Output all the data exactly. Pictures do not belong in the copy.

Stored dataset items:
- - - - - - -

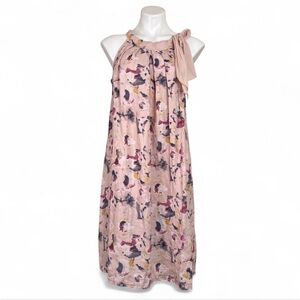 Bellambra 100% Linen Muted Pink Blush Floral Tie-Shoulder Bow Midi Dress Italy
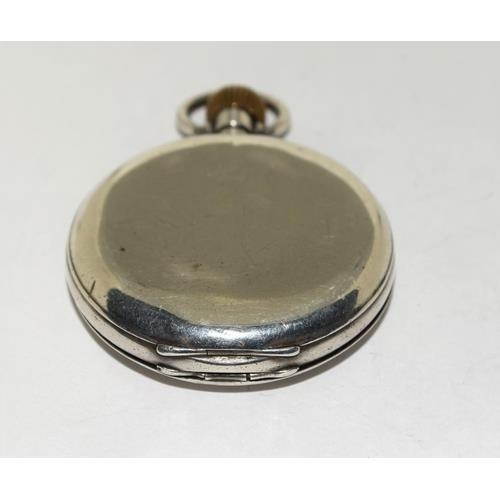 187 - Silver top wind  half hunter pocket watch 50mm, running when catalogued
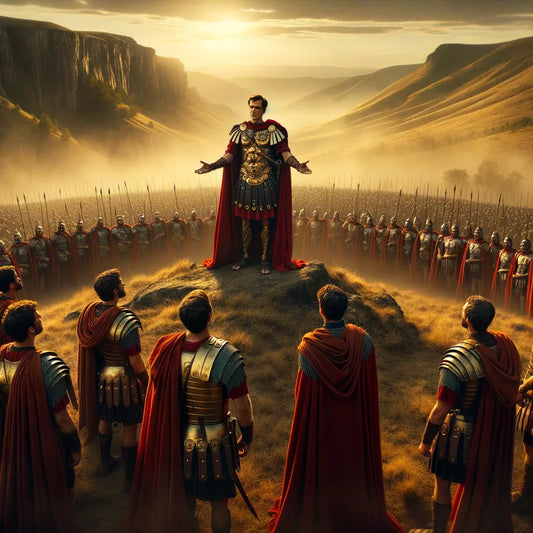 Julius Caesar addresses his troops on a Gallic battlefield, in a cinematic painting style inspired by 1960s historical films.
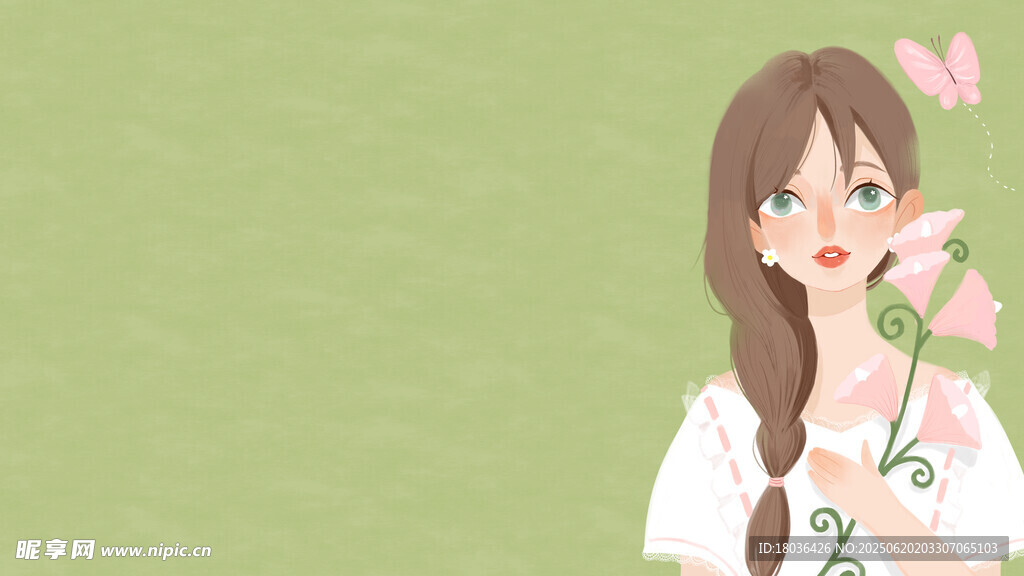女孩赏樱蝴蝶相伴手绘插画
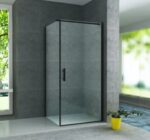 Cabină de duș Aloni 90×90×190 cm, ușă pivotantă, sticlă securizată 6 mm, profil negru mat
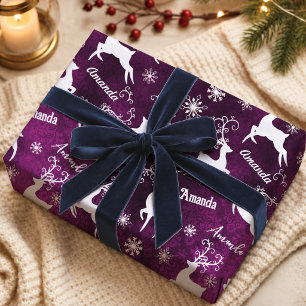 Papel De Presente Lindos Flocos de Neve de Rena Caprichosos Roxos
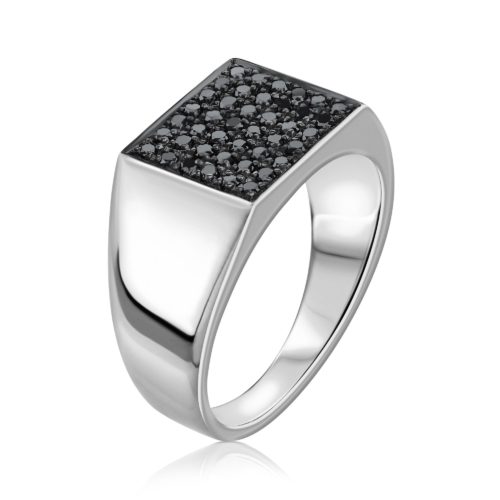 טבעת חותם מלבנית משובצת יהלומים שחורים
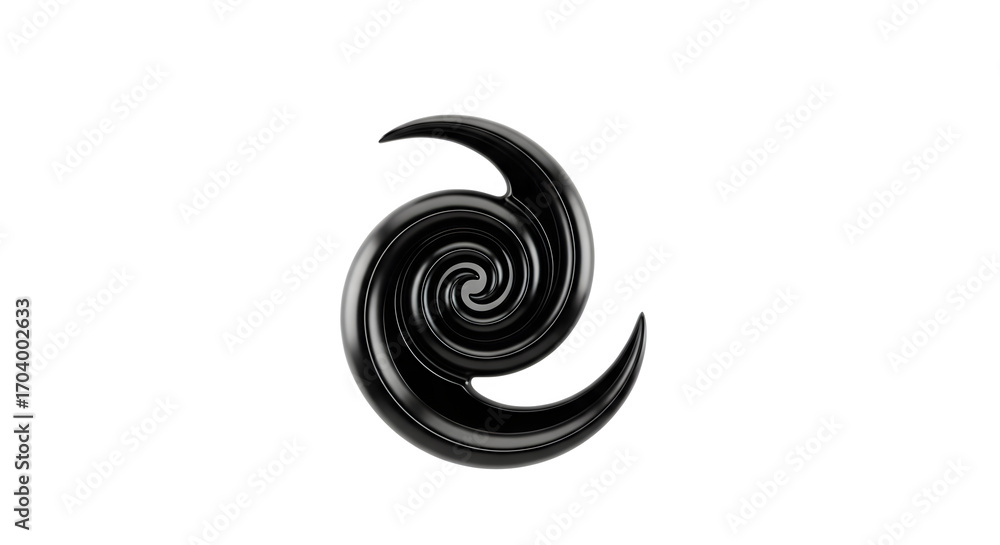 Fototapeta premium Black spiral shape isolated on transparent background abstract swirl design element with a vortex or whirlpool effect, creating a mesmerizing and dynamic visual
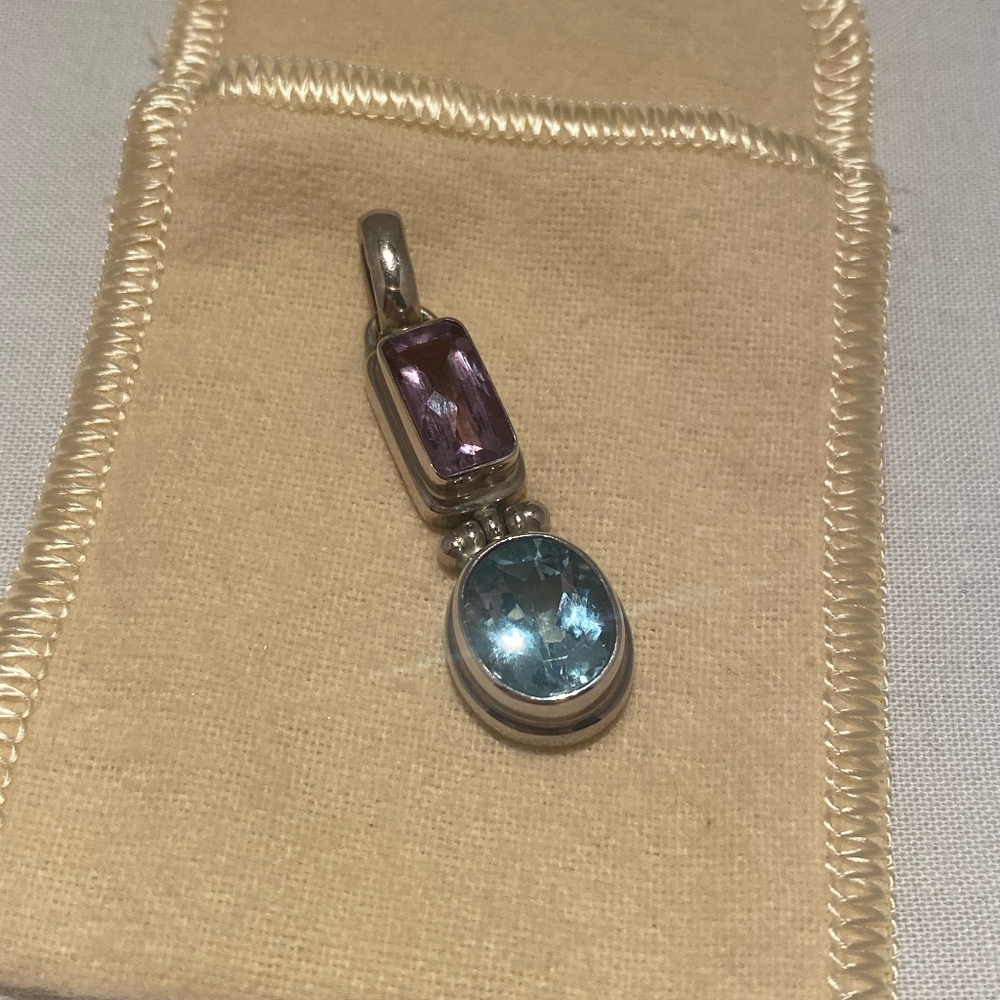 Sterling, Amethyst, and Aquamarine Pendant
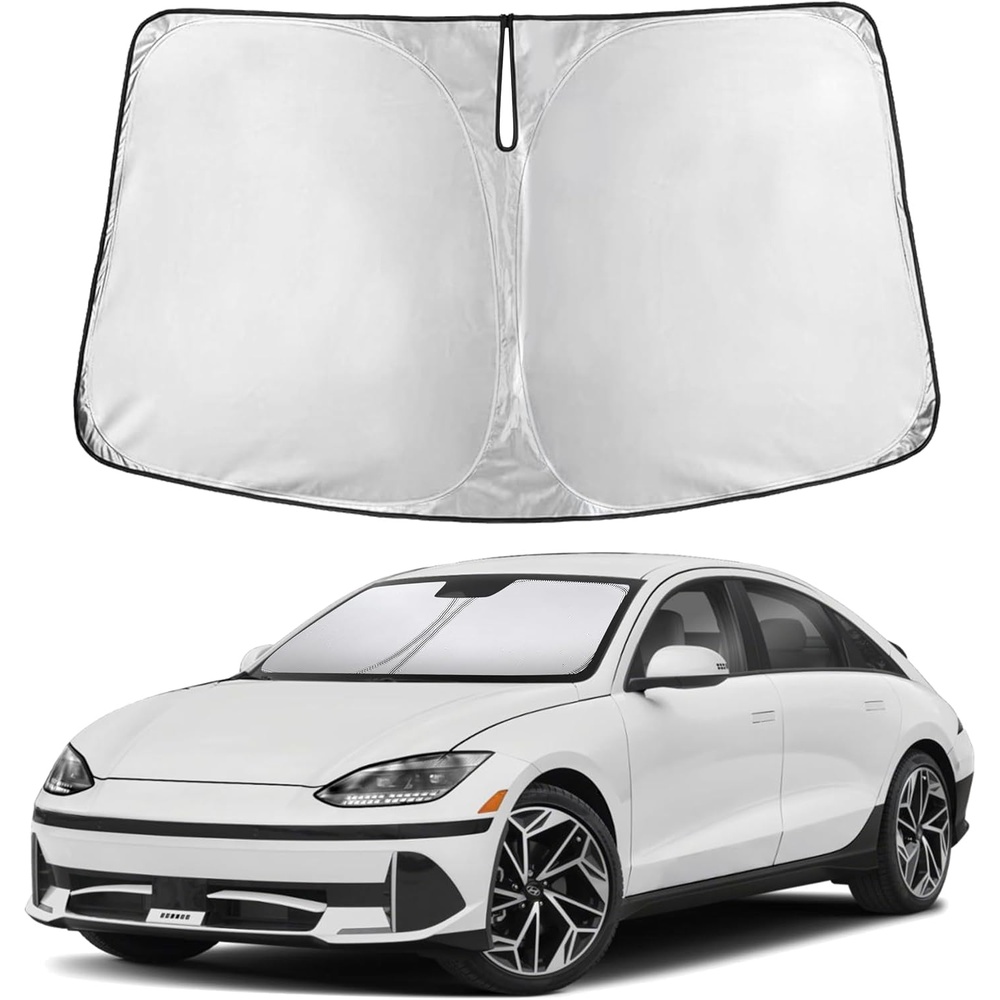 image:imageEconour Windshield Sun Shade Compatible for Rivian R1S R1T 20222025 2026 Sun Visor for Front Windshield amp Window Sun Shade Cover UV Heat Blocker amp Protector Car Accessoriesfor Hyundai Ioniq 6 20232025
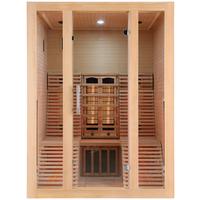 Infrarotkabine 2 Personen Bxhxt: 150x200x150 Cm + Glastür - Braun, Basics, Holz (150/200/150cm) - Sanotechnik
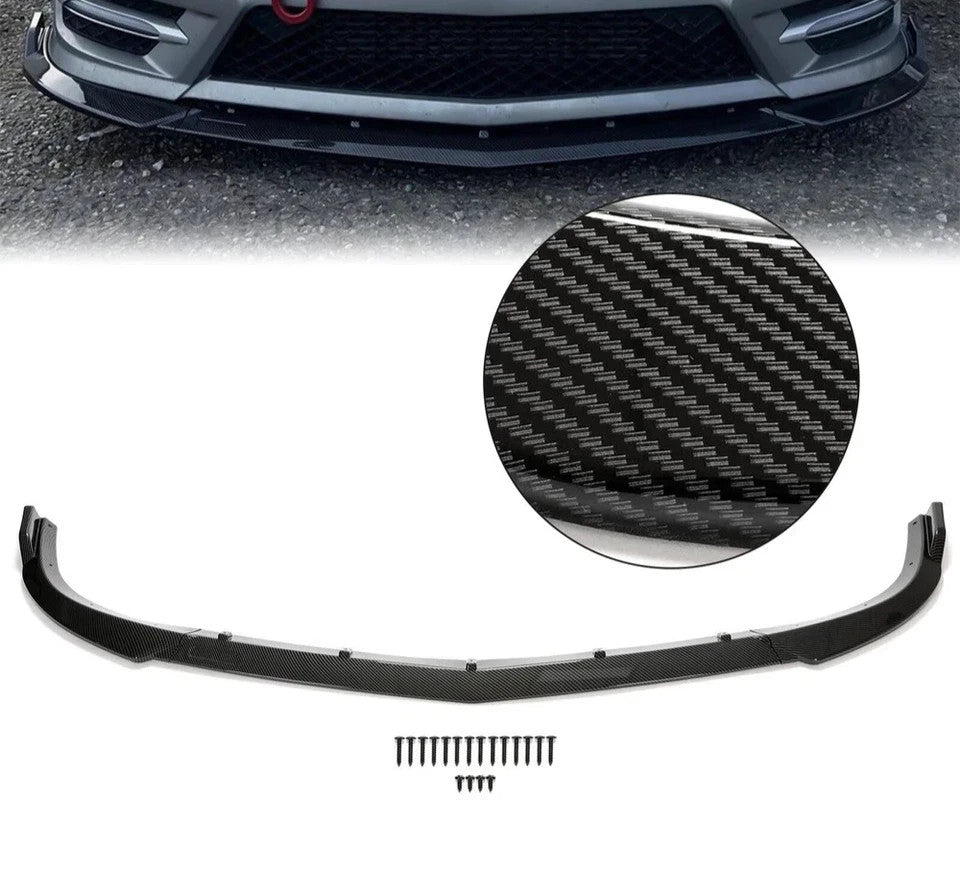 Carbon Fiber Color Front Bumper Lip Splitter Spoiler For Benz W204 Sport 2012-14
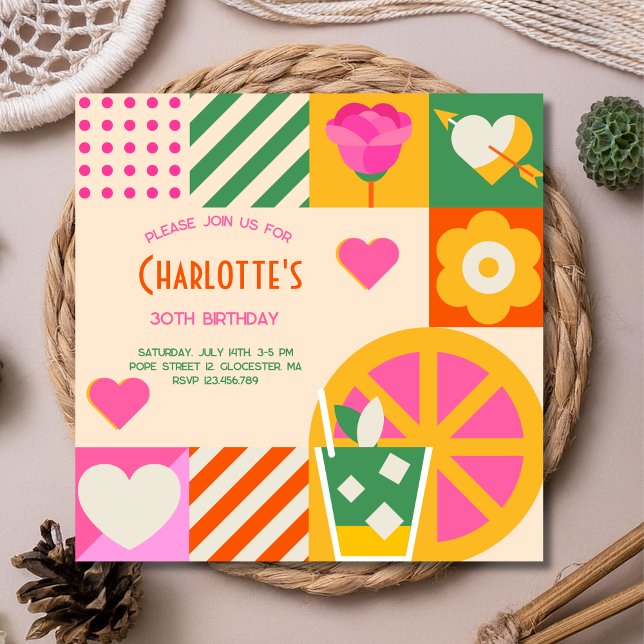 Convite Aniversário Cúbico Moderno (Criador carregado)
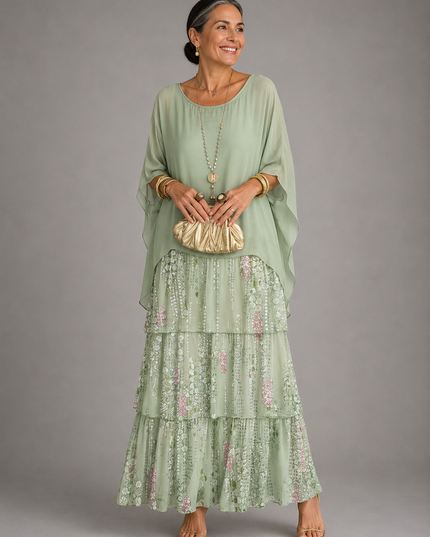 Women's Layered Flowy Relaxed Fit Tiered Maxi Dress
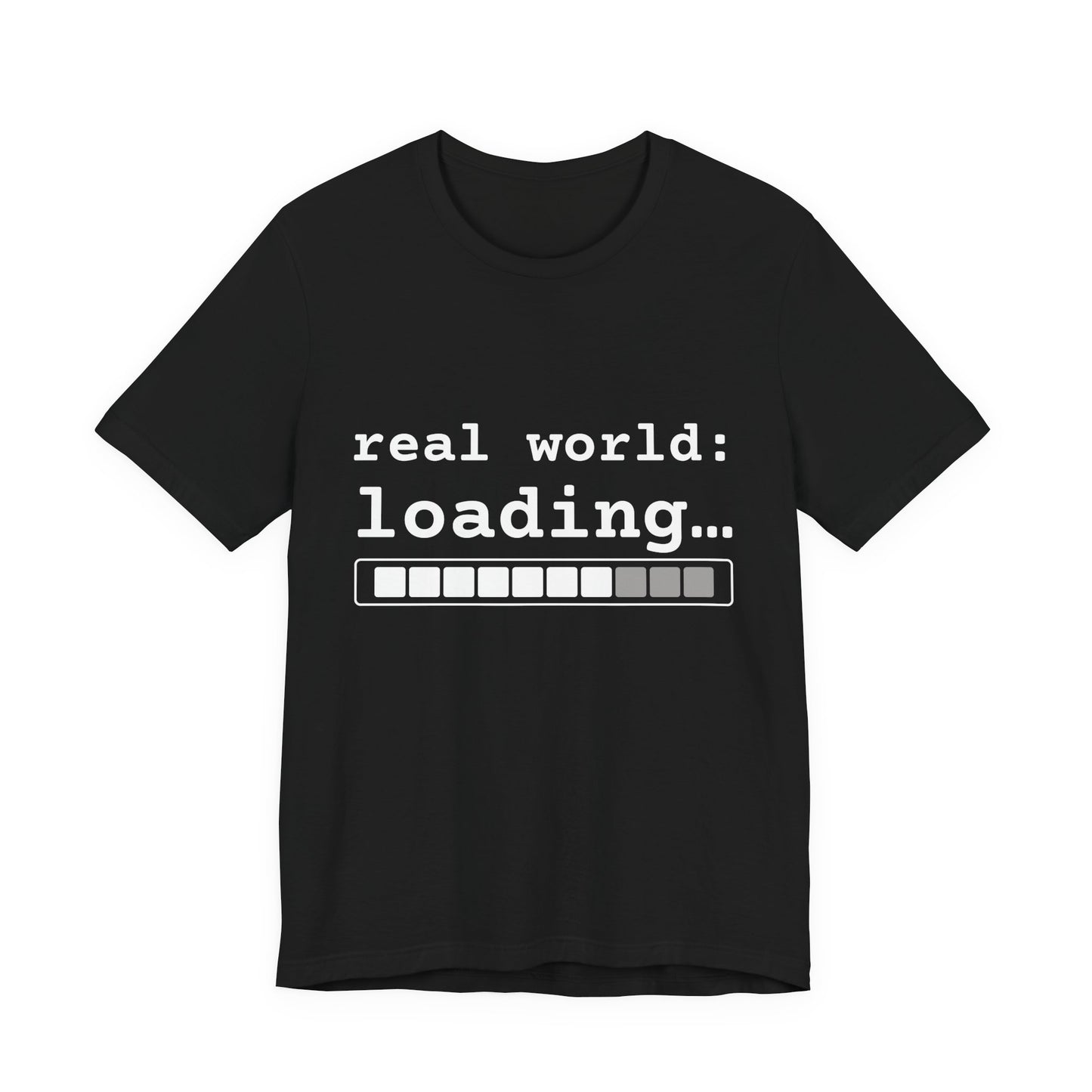 Black real world loading progress bar graphic tee flat lay — streetwear grad photoshoot style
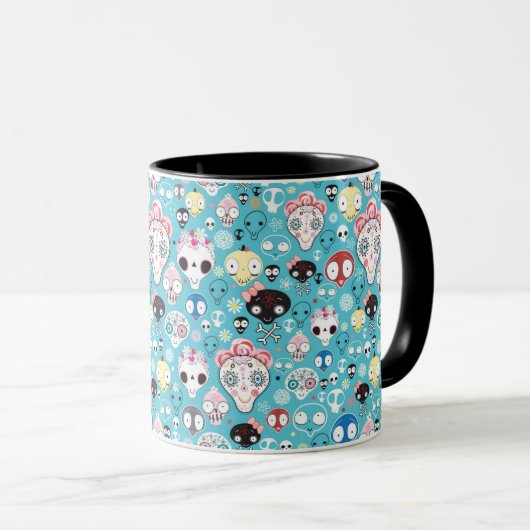 Mug Crâne riant de texture (Devant droit)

- - - - - - -

Your response:
 Bellambra 100% Linen Muted Pink Blush Floral Tie-Shoulder Bow Midi Dress Italy
 187 - Silver top wind  half hunter pocket watch 50mm, running when catalogued
 Julius Caesar addresses his troops on a Gallic battlefield, in a cinematic painting style inspired by 1960s historical films.
女孩赏樱蝴蝶相伴手绘插画
 Cabină de duș Aloni 90×90×190 cm, ușă pivotantă, sticlă securizată 6 mm, profil negru mat
 Papel De Presente Lindos Flocos de Neve de Rena Caprichosos Roxos
 טבעת חותם מלבנית משובצת יהלומים שחורים
 Fototapeta premium Black spiral shape isolated on transparent background abstract swirl design element with a vortex or whirlpool effect, creating a mesmerizing and dynamic visual
 Sterling, Amethyst, and Aquamarine Pendant
 image:imageEconour Windshield Sun Shade Compatible for Rivian R1S R1T 20222025 2026 Sun Visor for Front Windshield amp Window Sun Shade Cover UV Heat Blocker amp Protector Car Accessoriesfor Hyundai Ioniq 6 20232025
 Infrarotkabine 2 Personen Bxhxt: 150x200x150 Cm + Glastür - Braun, Basics, Holz (150/200/150cm) - Sanotechnik
 Carbon Fiber Color Front Bumper Lip Splitter Spoiler For Benz W204 Sport 2012-14
 Convite Aniversário Cúbico Moderno (Criador carregado)
 Women's Layered Flowy Relaxed Fit Tiered Maxi Dress
 Black real world loading progress bar graphic tee flat lay — streetwear grad photoshoot style
 Mug Crâne riant de texture (Devant droit)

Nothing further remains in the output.